It’s been over a month since I posted my plea for help with my search for a long lost, fondly remembered story tape about the King of the Raisins. No one responded, and I had just about given up on ever tracking it down. And then this morning the wonderful Lesley Austin posted this comment:
I think I may know this one as I heard this story once. Could it be Jay O’Callahan? We have another of his stories “Raspberries” and have SO enjoyed everything of his we have come across. I can imagine him saying what you wrote.
Lesley, hoorah for you, you did it! I visited Jay O’Callahan’s website and sure enough, there was a “Raisins” story on one of his CDs. I wrote him a note, and he wrote right back to say his was indeed the story I remember. I am thrilled!
Just this morning, Scott was quoting my favorite line from this story. Scott has never heard the tape; like my kids, he only knows the tale from my patchy reminiscences. But as I wrote last month, the bits I remember are inextricably woven into our family vocabulary. Wonderboy woke up a nasty cold this morning, and his nose is, um, disgusting, to put it bluntly. When Scott walked into the kitchen, the Boy beamed at him through the goop and tottered toward his daddy for a wrestle. Scott scarcely flinched at the affront to his shirt (ew) but I heard him mutter, “Horrible, horrible! But I like you anyway.”
So far, ours has been a spring of swoops and dives. Giant up-swoop: Wonderboy is walking!
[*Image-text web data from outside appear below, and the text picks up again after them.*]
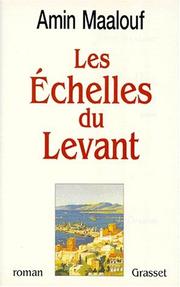 Cover of Les Echelles du Levant by Amin Maalouf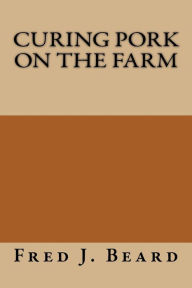 Title: Curing Pork on the Farm, Author: Fred J Beard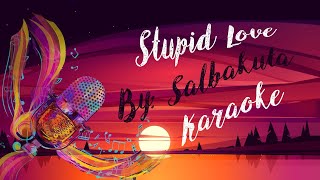 Stupid Luv By Salbakuta  Karaoke [upl. by Beaver]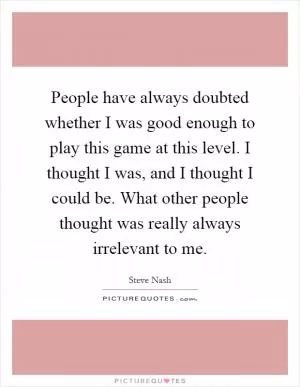 People have always doubted whether I was good enough to play this game at this level. I thought I was, and I thought I could be. What other people thought was really always irrelevant to me Picture Quote #1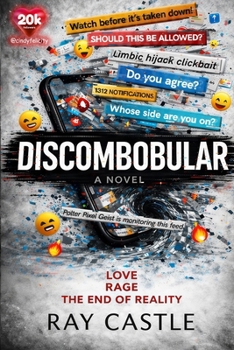 Paperback DISCOMBOBULAR: Love. Rage. The End of Reality Book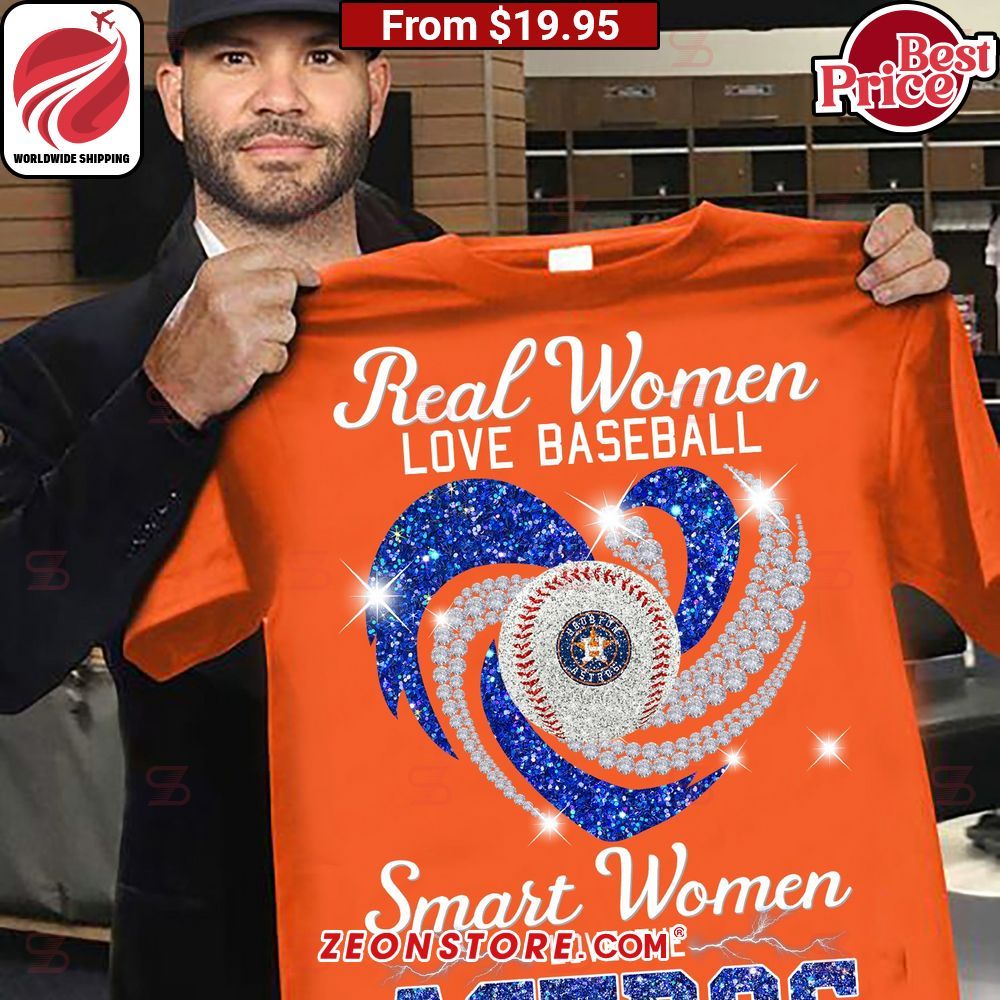 Real Women Love Baseball Smart Women Love the Houston Astros Shirt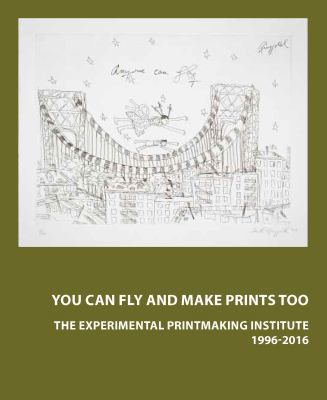 Paperback You Can Fly and Make Prints Too : The Experimental Printmaking Institute, 1996?2016 Book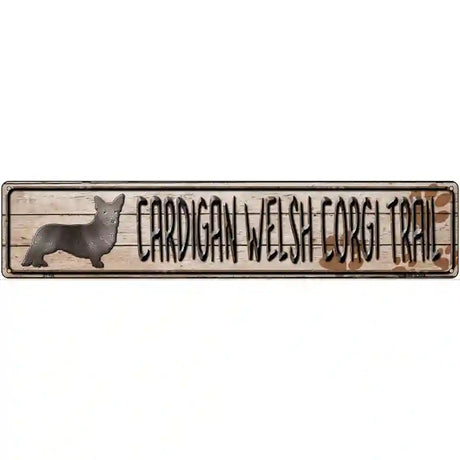 Cardigan Welsh Corgi Trail Novelty Metal Street Sign 24" x 5" (ST)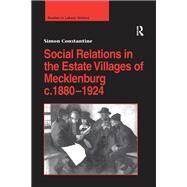 Social Relations in the Estate Villages of Mecklenburg c.18801924 by Constantine,Simon, 9781138275775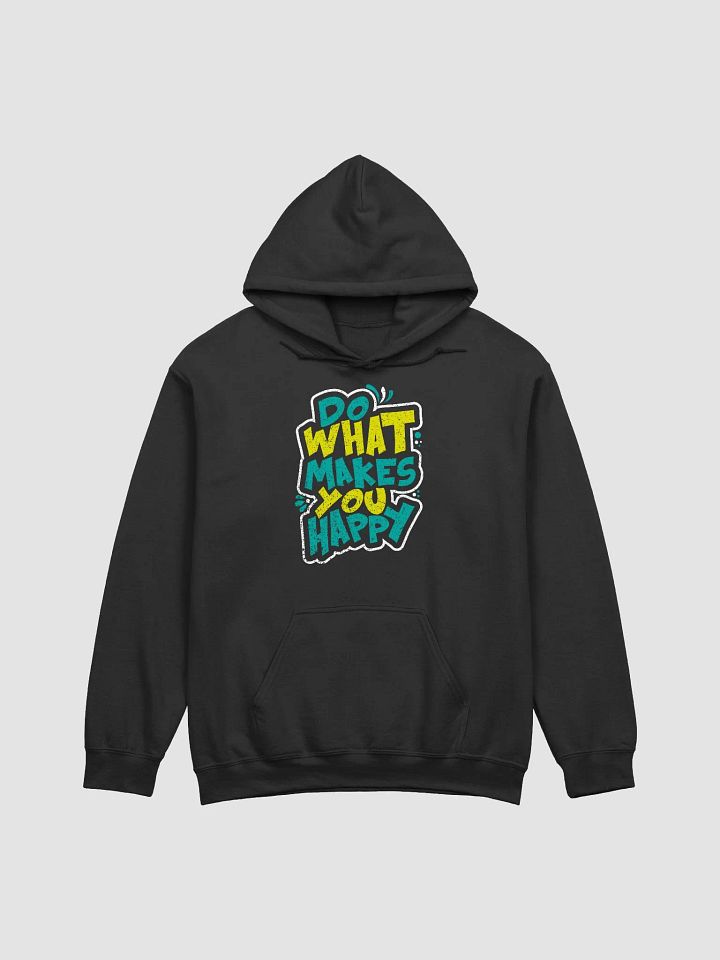 Do What Makes You Happy Classic Hoodie product image (1)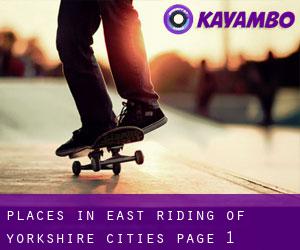 places in East Riding of Yorkshire (Cities) - page 1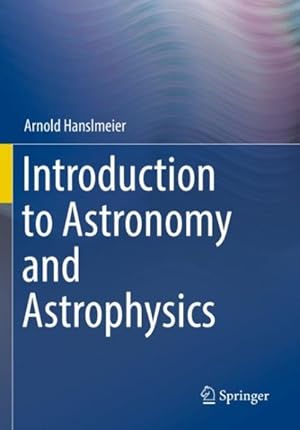 Seller image for Introduction to Astronomy and Astrophysics for sale by GreatBookPrices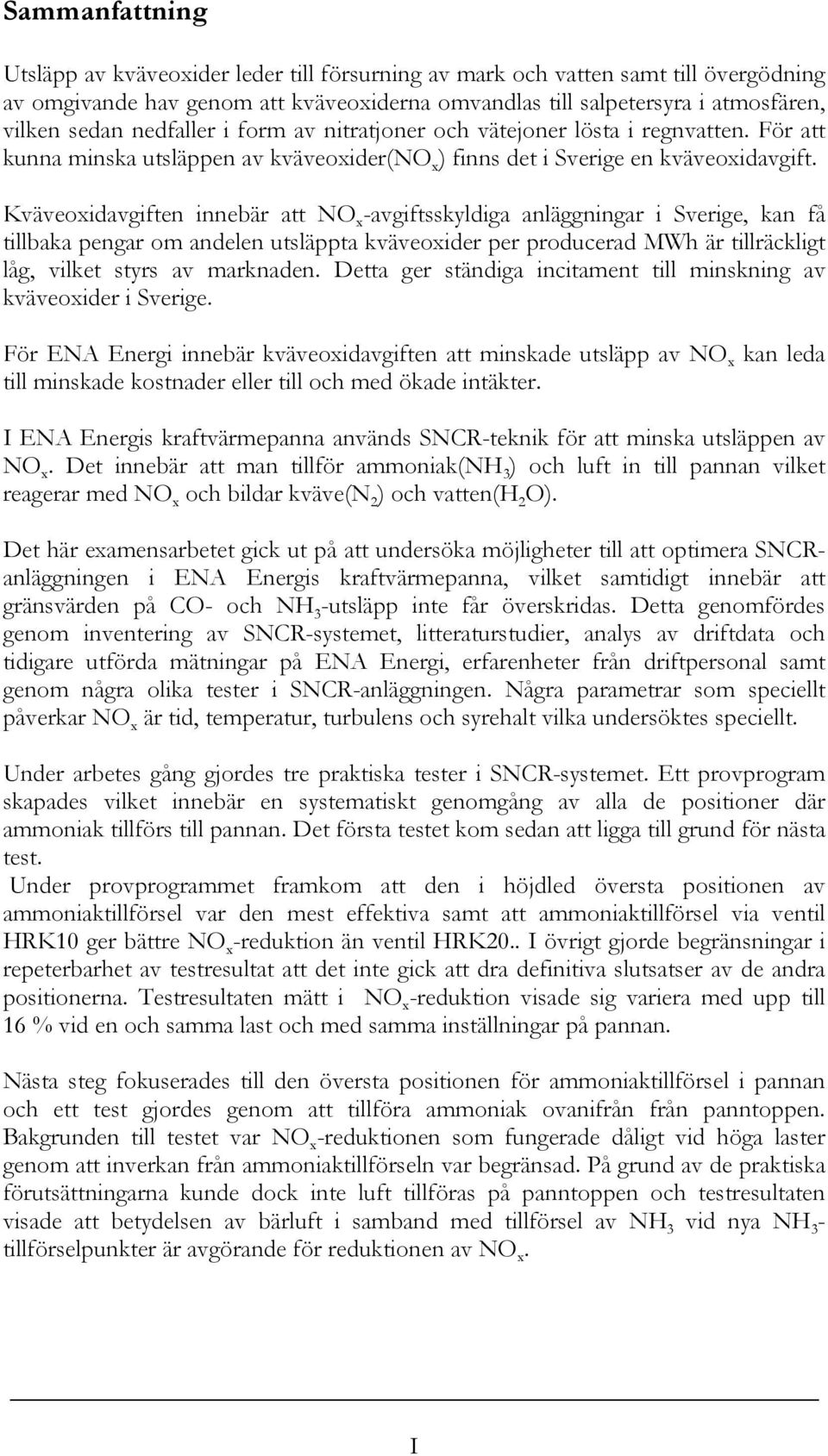 Kväveoxidavgiften innebär att NO x -avgiftsskyldiga anläggningar i Sverige, kan få tillbaka pengar om andelen utsläppta kväveoxider per producerad MWh är tillräckligt låg, vilket styrs av marknaden.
Really and truly walking, all over the house, sometimes clapping for himself as he goes. He can’t get up onto his feet by himself yet, but if you stand him up he takes off like a little wind-up toy. He is walking for the sheer joy of motion, not as a way of getting somewhere, not as a means to an end, but as an end in itself. It is all about the going (which of course I can’t help seeing as a metaphor for our philosophy of education: it’s about process, not product). I wish I could upload video here; I wish everyone could see this eager boy trucking along, he who had to wait seventeen months for mobility. He is a Wonder-of-wonders-boy.
Little down-swoop: He is a boy who scared his mother silly by having a major nosebleed in the middle of a nap one day last week. I went to get him up and aaaaahhhhh! He was lying there drenched in blood. Now you know that given Jane’s history our first thought, whenever there is unusual bleeding involved with one of our children, is going to be ‘low platelets?’ So of course we had to take him in for a blood test, which I am thrilled to say came back perfectly normal. The nosebleed seems to have been merely a change-of-season dryness thing. Whew.
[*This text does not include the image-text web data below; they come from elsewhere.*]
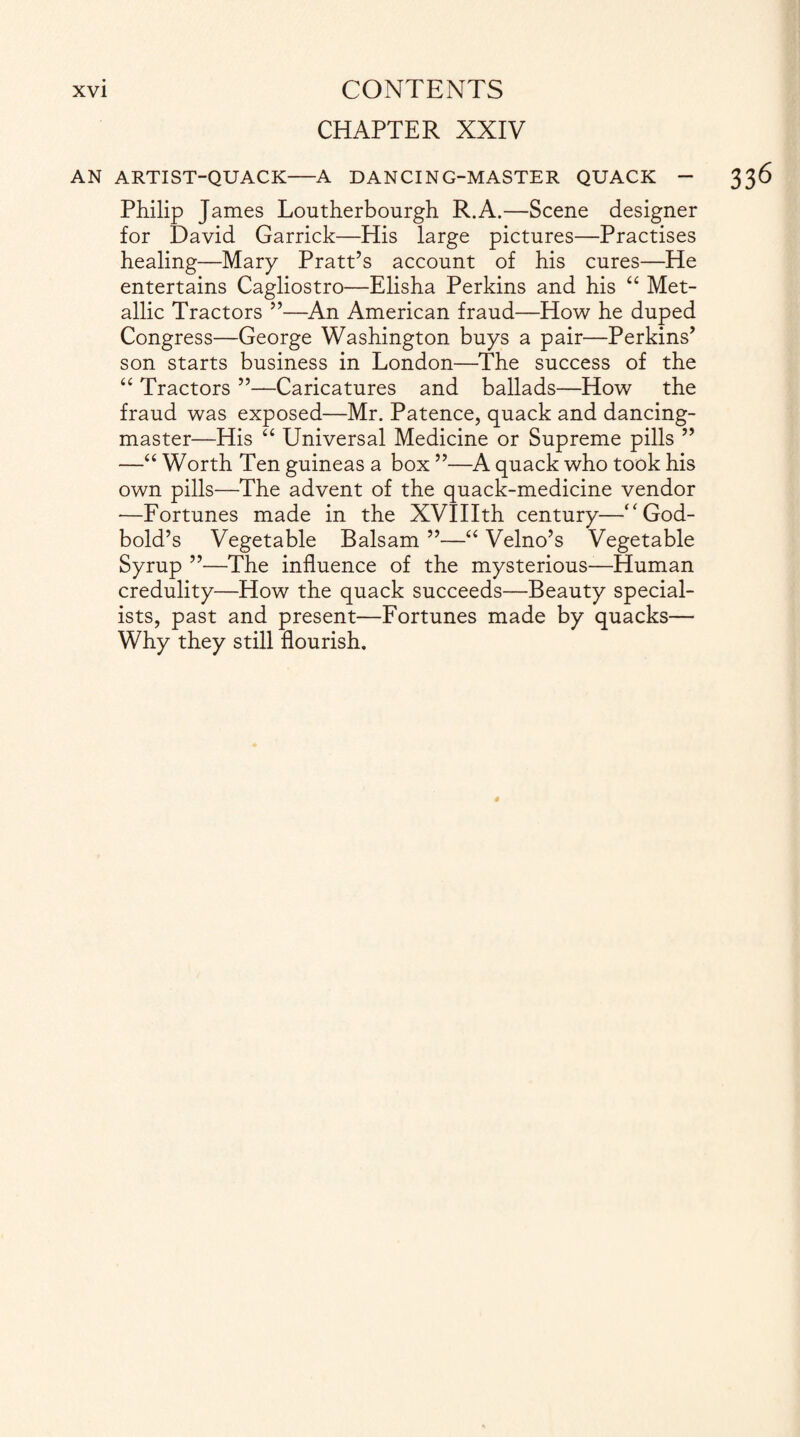 CHAPTER XXIV AN ARTIST-QUACK-A DANCING-MASTER QUACK - Philip James Loutherbourgh R.A.—Scene designer for David Garrick—His large pictures—Practises healing—Mary Pratt’s account of his cures—He entertains Cagliostro—Elisha Perkins and his “ Met¬ allic Tractors ”—An American fraud—How he duped Congress—George Washington buys a pair—Perkins’ son starts business in London—The success of the “ Tractors ”—Caricatures and ballads—How the fraud was exposed—Mr. Patence, quack and dancing- master—His “ Universal Medicine or Supreme pills ” —“ Worth Ten guineas a box ”—A quack who took his own pills—The advent of the quack-medicine vendor *—Fortunes made in the XVIIIth century—“ God- bold’s Vegetable Balsam ”—“ Velno’s Vegetable Syrup ”—The influence of the mysterious—Human credulity—How the quack succeeds—Beauty special¬ ists, past and present—Fortunes made by quacks— Why they still flourish.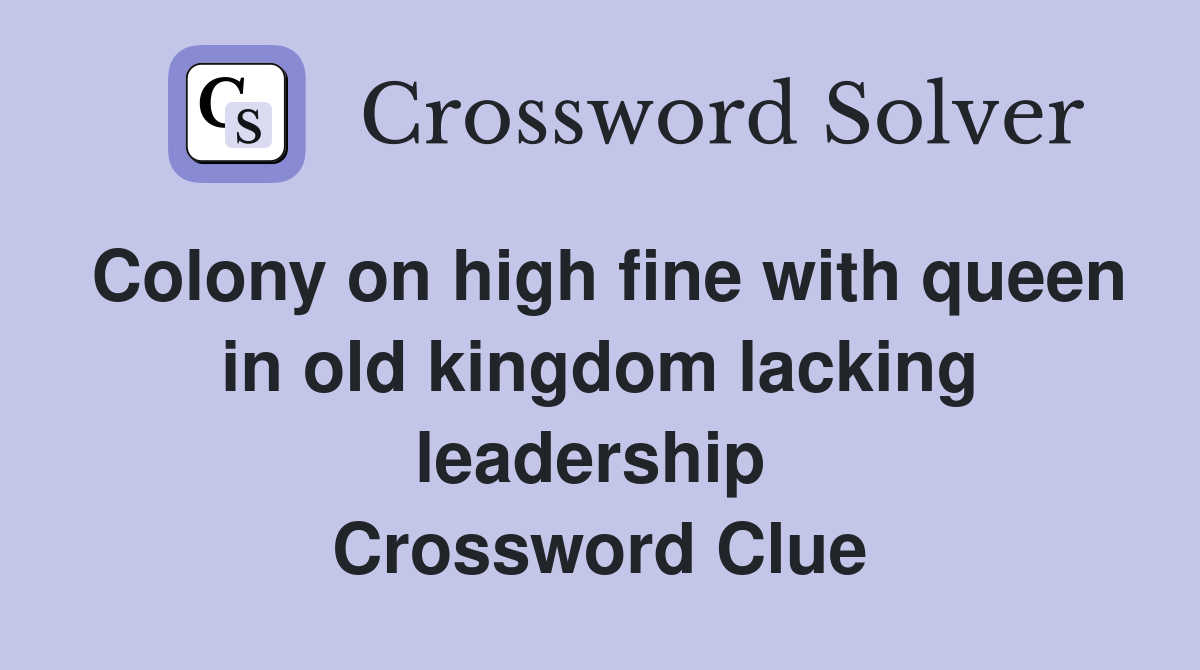 Colony on high fine with queen in old kingdom lacking leadership  Crossword Clue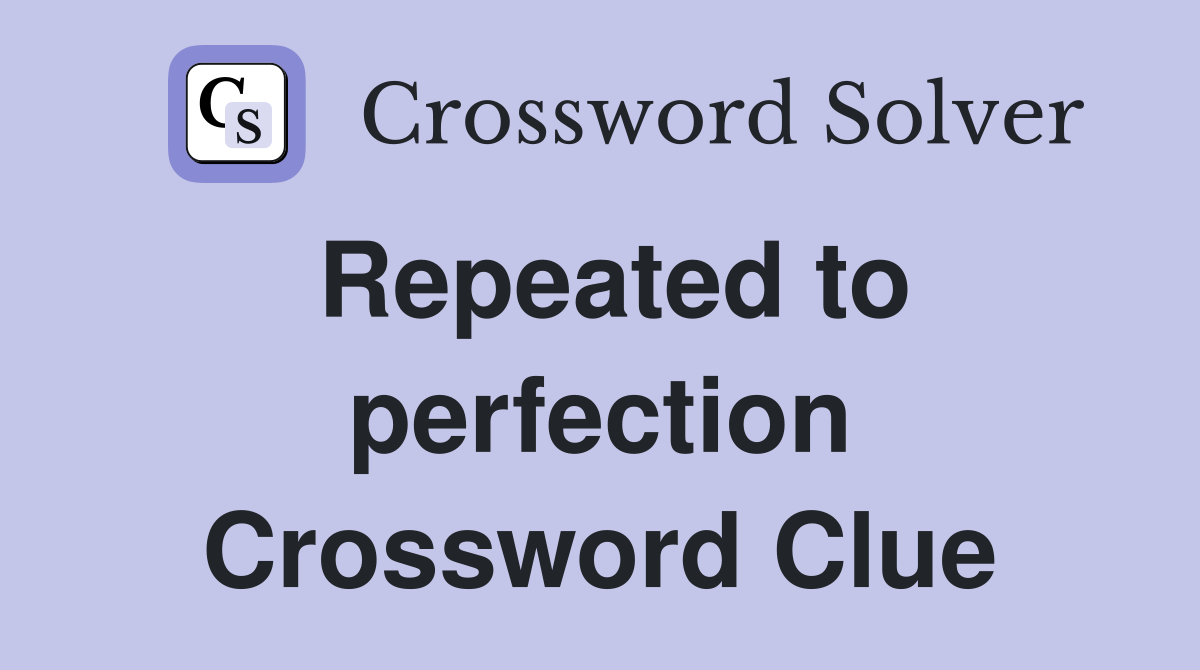 Repeated to perfection Crossword Clue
Then three days later I discovered the Boy had a mouthful of sores. Thrush. Ugh. Enough said. (But he’s doing better now, thanks.)
So that was two unplanned doctor visits in the space of a week. A few days later I found a tick happily dining on my stomach. ::::shudder:::: When we pulled him out, his head remained stuck tight. Ugh ugh ugh. I wound up having to go to the doctor on Saturday morning to have it dug out. Not exactly the way I’d planned to start the day of our (big upswoop coming) 11th anniversary. But you know, it sort of fit the ‘so ridiculous you have to laugh’ motif we’ve got woven through this marriage. As a couple, Scott and I seem to be a magnet for misadventures. Somehow we don’t mind, because we love a good story. And you don’t get good story if the roller coaster stays flat. It’s got to swoop.